** Listed entries follows **
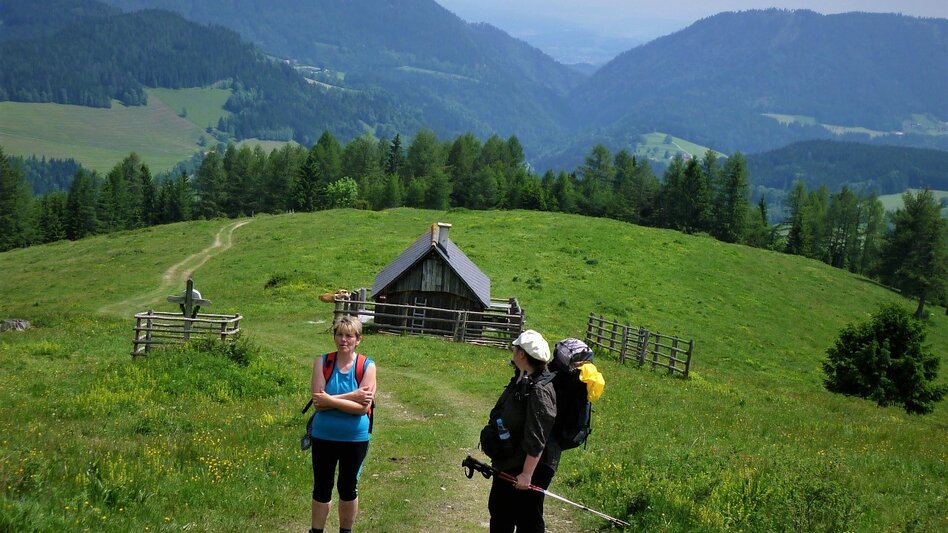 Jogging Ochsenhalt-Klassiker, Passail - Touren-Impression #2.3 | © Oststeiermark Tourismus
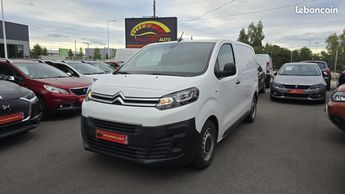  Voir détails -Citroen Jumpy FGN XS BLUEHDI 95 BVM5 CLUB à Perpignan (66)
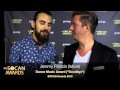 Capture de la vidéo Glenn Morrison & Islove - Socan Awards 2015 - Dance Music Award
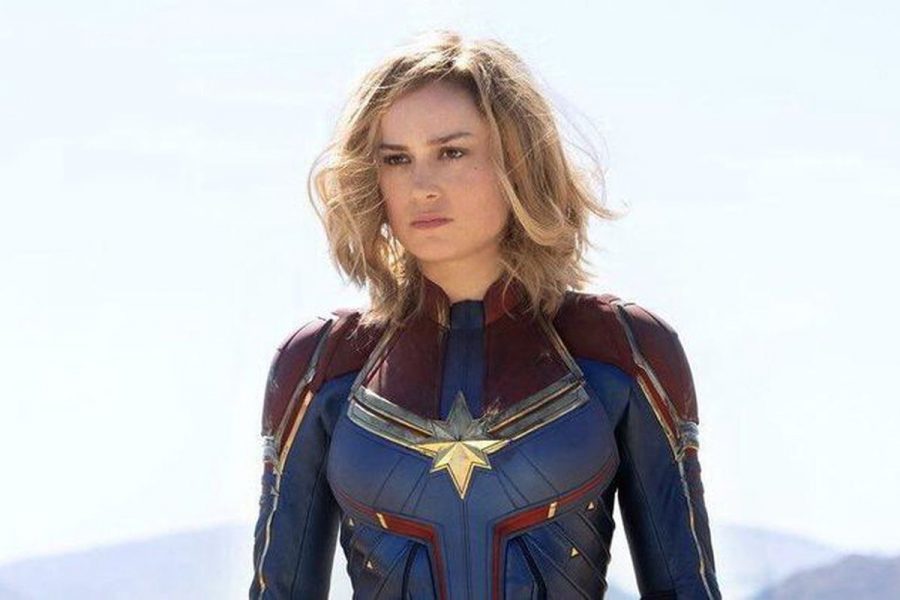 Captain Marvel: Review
** End of Listed entries **
** Listed entries follows **
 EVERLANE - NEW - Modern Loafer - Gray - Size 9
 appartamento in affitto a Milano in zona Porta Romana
** End of Listed entries **
In the entries above, every line from the line with "Jogging Ochsenhalt-Klassiker, Passail" to the line with "Captain Marvel: Review" is to be printed exactly, with both ends included and pictures excluded.

 Jogging Ochsenhalt-Klassiker, Passail - Touren-Impression #2.3 | © Oststeiermark Tourismus
  Voir détails -Citroen Jumpy FGN XS BLUEHDI 95 BVM5 CLUB à Perpignan (66)
 Capture de la vidéo Glenn Morrison & Islove - Socan Awards 2015 - Dance Music Award
 Captain Marvel: Review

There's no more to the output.